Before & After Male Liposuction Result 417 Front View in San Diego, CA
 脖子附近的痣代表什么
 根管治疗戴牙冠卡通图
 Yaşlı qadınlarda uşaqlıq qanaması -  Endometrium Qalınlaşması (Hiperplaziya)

####################

Exercise: In full and exactly as written, repeat the data.

Output below:
Before & After Male Liposuction Result 417 Front View in San Diego, CA
 脖子附近的痣代表什么
 根管治疗戴牙冠卡通图
 Yaşlı qadınlarda uşaqlıq qanaması -  Endometrium Qalınlaşması (Hiperplaziya)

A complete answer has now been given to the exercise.